The End of the World is a Practical Problem

Research Fellow Saher Hasnain reports on a Dining with Dinosaurs seminar exploring the existential crises facing the human race, with Dr Anders Sandberg.

Consider if you will: the grandest challenges facing humanity today.

Following that idea train through to completion while avoiding existential pitfalls is a fairly difficult activity.

We are faced with symptoms of big, troubling, existential crises every day; especially in the realm of environmental change, artificial intelligence, and potential cosmic warfare.

Anders Sandberg’s talk at Reuben’s Dining with Dinosaurs seemed set up to deal with the end of times by offering two things: the potential of an ark and a ticket on it. The spectre of existential collapse loomed high behind it.

Grappling marvelously with weighty topics like risk, longtermism, and disaster justice (among others), Dr Sandberg still left the audience with hope and a way of approaching the end of the world as a practical problem instead of a crippling one.

Using Dr Strangelove, Deep Impact, and 2012 as effective framing examples, the audience were led through the various narratives and framings in apocalyptic storytelling and morality in the end-of-times. Who deserves to live past the end of the world and witness the demise of all that we know and love? How did we come to this? As a society and as humanity?

While the reasons for the end of the world may range from the grotty and practical, to borrow Dr Sandberg’s words, to the grand and moral, the result may still be the same - a potential end to the project of humanity. Humanity has been here before and has been shaped by the difficulties of civilization constricting events (think here of the impacts of the Toba eruption, give or take a Wednesday, about 74,000 years ago).

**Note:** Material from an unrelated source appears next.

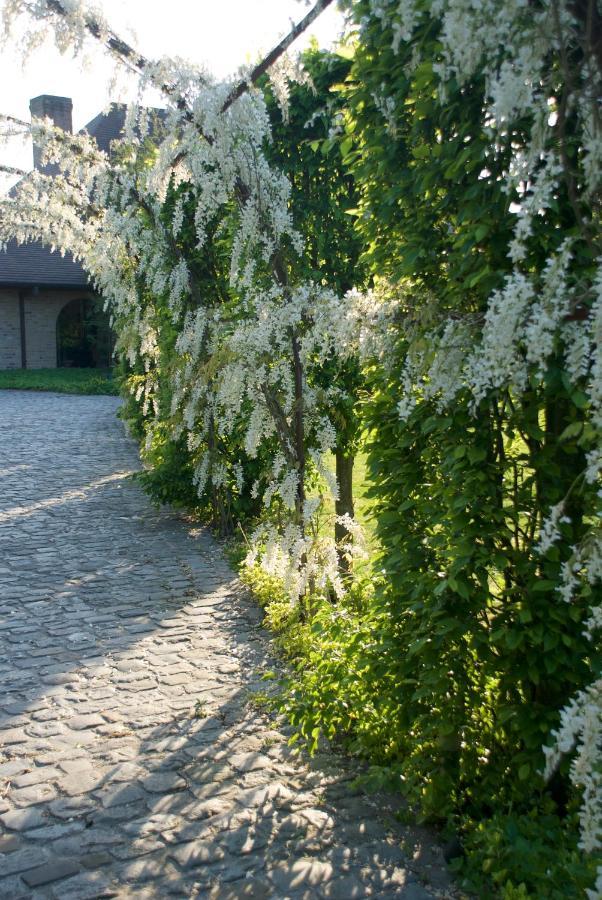 Villami Anzegem Extérieur photo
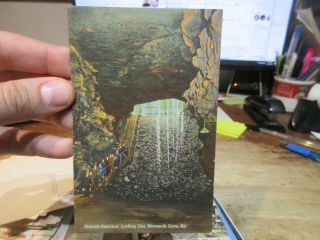 Vintage Old Kentucky Postcard Mammoth Cave Entrance Steps Going Down Up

Using these events from the past, it is useful to think of the types of scenarios that we may be faced with in a catastrophic event. Ranging from general fine-ness - to all humanity being destroyed, there is the mid-level scenario of 99% of humanity perishing. Which is worse? A matter of perspective of course, but only one of those scenarios includes the end of humanity. But does this matter if there is nobody here to witness it?

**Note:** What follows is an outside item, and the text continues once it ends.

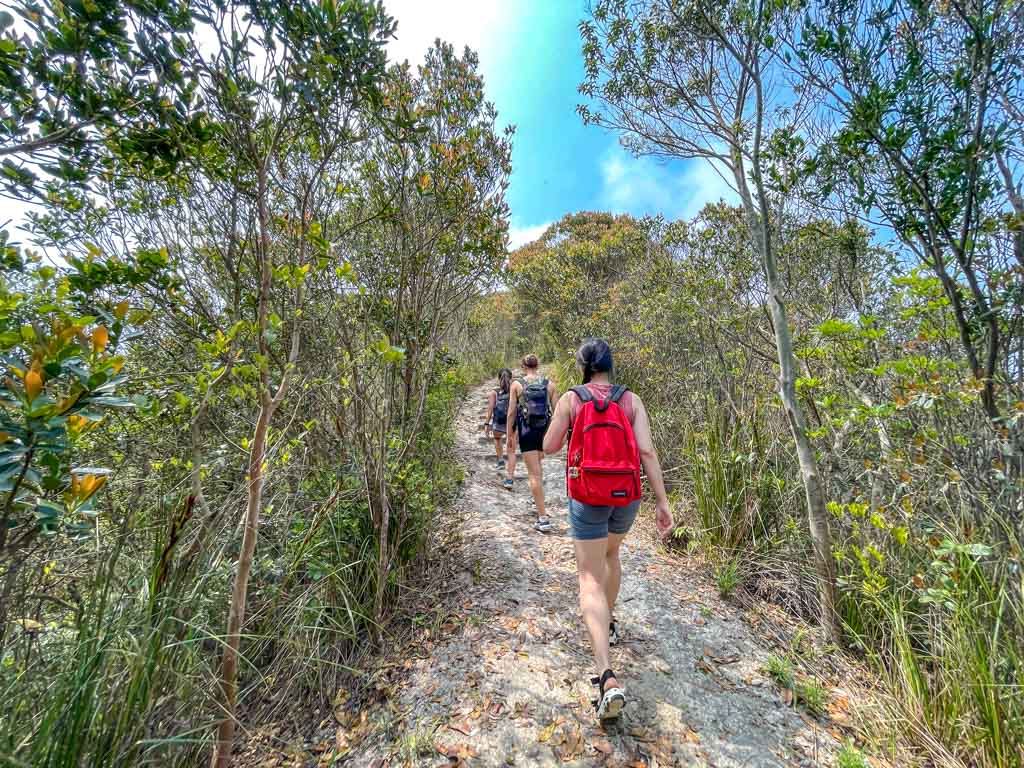 ping nam stream waterfalls to highest point hong kong - laugh travel eat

Answering this may also be a matter of framing. Are we as humans the best placed to answer this? It is generally accepted that losing all of a single species is categorically worse than losing 99% of them - is this because we will miss them? 

Asking questions like this may drive the question on the practicality of such inquiries, given that so much of our world is broken for so many people. But that is a rather myopic way of thinking. Caring and planning for the future of humanity does not take away resources and attention from the present. It may indeed help in doing so. Considering the apocalyptic narratives and events around us, there is always a strong element of cooperation and collaboration (amidst all the individualistic and selfish functions of course), but generally some elements of justice prevail. The human project has demonstrated remarkable resilience and a capacity for community. We can be better and this can be planned for without sacrificing the needs of the present.

But, one can definitely argue that it is probably better not to be extinct.